Ability to obtain a clearance or a Public Trust is preferred, however all clearance levels and non-cleared applicants will also be considered.

Certifications 
One or more of the following: CISSP or CISM 

Years of Experience 

At minimum 7 years of information security experience relative to the position qualifications.

• Knowledge of GRC tools e.g., CSAM

Our people make Coalfire Federal great. We work together on interesting things and achieve exceptional results. We act as trusted advisors to our customers and are committed to client-focused innovation as well as innovation in the industries that we serve.

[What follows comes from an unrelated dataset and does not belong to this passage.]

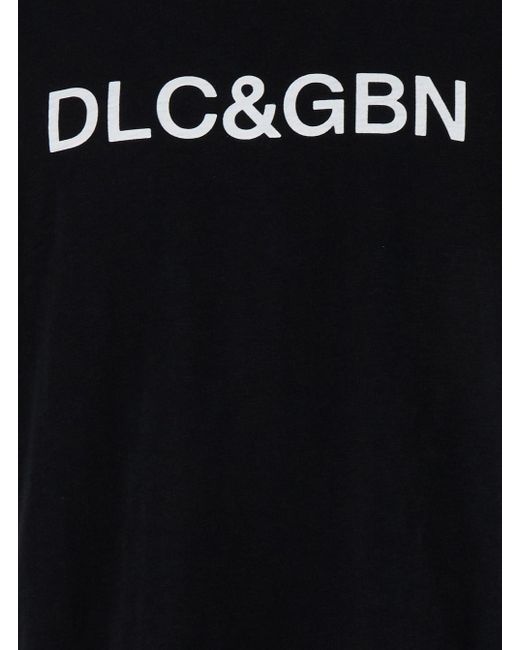 Dolce & Gabbana Black Crewneck T-Shirt With Contrasting Logo for men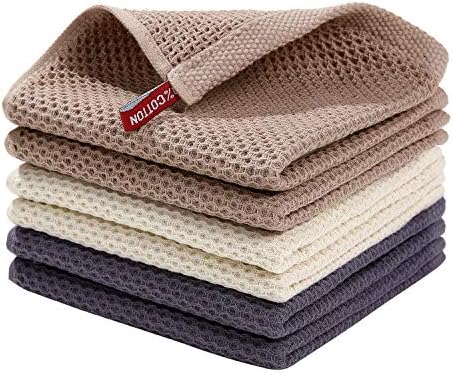 Homaxy 100% Cotton Waffle Weave Kitchen Dish Cloths, Ultra Soft Absorbent Quick Drying Dish Towels, 12 x 12 Inches, 6-Pack, Mixed Color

Coalfire offers our people the chance to grow professionally with colleagues they like and respect while tackling challenges that stretch their minds and expand their skill sets. Regardless of location, you’ll experience a company that prioritizes connection and wellbeing and be part of a team where people care about each other and our communities. You’ll have opportunities to join employee resource groups, participate in in-person and virtual events, and more.

You’ll enjoy competitive perks and benefits to support you and your family, like paid parental leave, flexible time off, certification and training reimbursement, digital mental health and wellbeing support memberships, and comprehensive insurance options.  

Coalfire is an EEO employer. All qualified applicants will receive consideration for employment without regard to race, color, religion, sex, sexual orientation, gender identity, national origin, disability, or status as a protected veteran.